After ensuring that my life insurance policy was in good standing, I convinced my stepson, Jordie Moryl, by rhetorically asking “what could go wrong?” We submitted our names to the lottery and hoped.
I have been training with determination since November 20, 2018. I would like to thank Bikes and Beyond, Wanda Mathers, my nutritionist, Tori Waytt, and my swim coach Norm at Windburn for great advice and encouragement. A special note of gratitude is directed to Dave Lipchen at Windburn Triathlon who views me as an “interesting project”.
Escape Alcatraz – what could go wrong?
I was first attracted to the sport of triathlon after watching my stepfather Victor Bargen compete in the summer of 2017. If you had asked me prior to this if I had ever thought about competing in triathlon, I would have answered “Heck no.” After seeing how much fun he was having, I made the decision to dive in headfirst.
In the fall of 2017, I made the commitment to start training.
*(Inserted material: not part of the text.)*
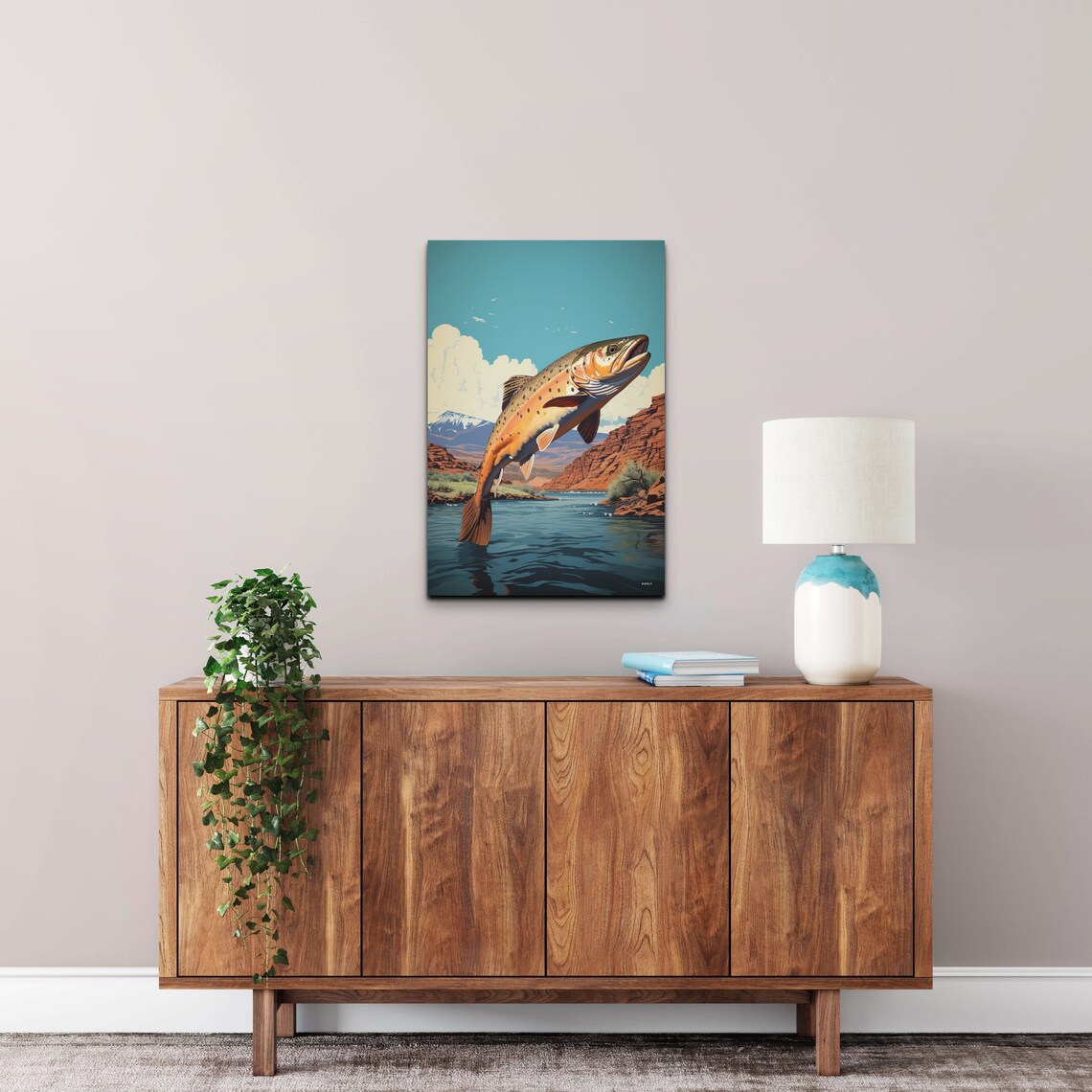 Leaping Brown Trout Over Canyon River Vintage Fishing Art Poster - Image 6
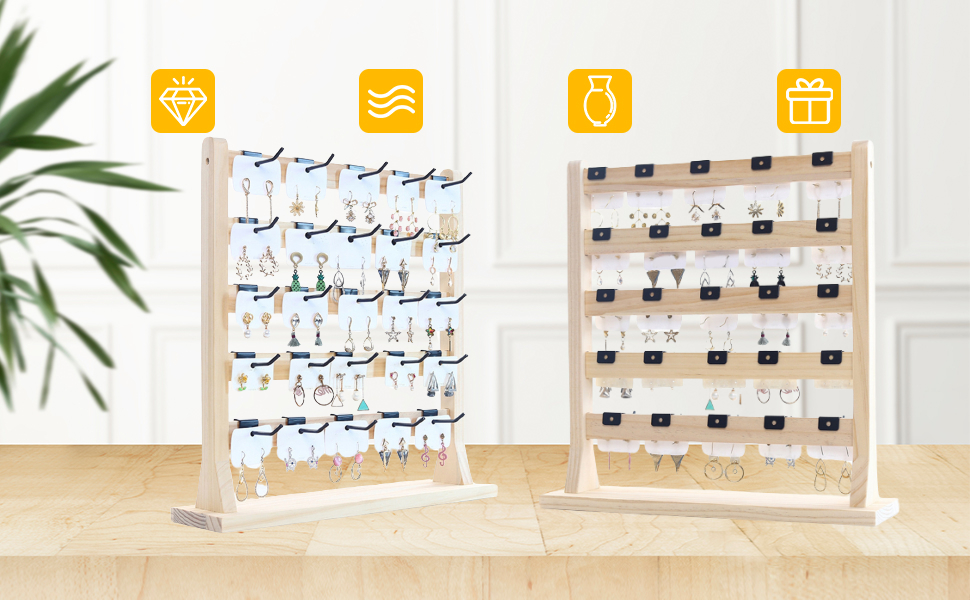 Vaveren Earrings Display Stand Removable Hooks Earrings Organizer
I can recall my first swim practice vividly, feeling like I was going to pass out after only 25 meters. Flash forward to today, I have completed two Olympic distance and one sprint triathlon and am looking forward to competing in this sport for many years to come (even the swimming!)
After learning about the world renowned “Escape Alcatraz Triathlon” from my stepfather, it immediately became a bucket list race for me. We both put our names in for the lottery draw to win spots in the race, thinking we had nothing to lose. I figured the chances for one of us to be selected were slim at best and for both of us it would be next to impossible.
Then came the email… on lottery day I woke up to a message that read “See you at the Hornblower!” I thought I was still dreaming. I could not believe that in my first attempt to earn a spot into this prestigious race, I had been selected! Then came the bad news, Victor had not received his confirmation. We crossed our fingers, held our breath and on the second round of the lottery, he secured his spot in the race! I guess it was meant to be.
Since earning my spot into the race back in October, I have been training hard with my team the Windburn Multisport Academy and my coach Super Dave Lipchen has been doing a great job of whipping me into shape. Every day I feel more and more prepared to take the plunge off the “Gateway Vessel”, the San Francisco Belle and swim 2.4 km’s back to shore across the San Francisco bay in the frigid 13-degree water. As for bike and run preparation I have been cycling our “hills” and running the treadmill in a desperate hope to simulate the terrain in San Francisco. Garbage Hill counts as a hill right?
I would like to thank all my teammates, coaches, family and friends and race partner Victor, as they have all supported me immensely along this journey in preparing for this epic race. I can’t thank you all enough! One thing I know for certain is that there has yet to be any Great White sightings in the bay on race day… and I hope that doesn’t change!
If you can’t beat ‘em, make ‘em puke!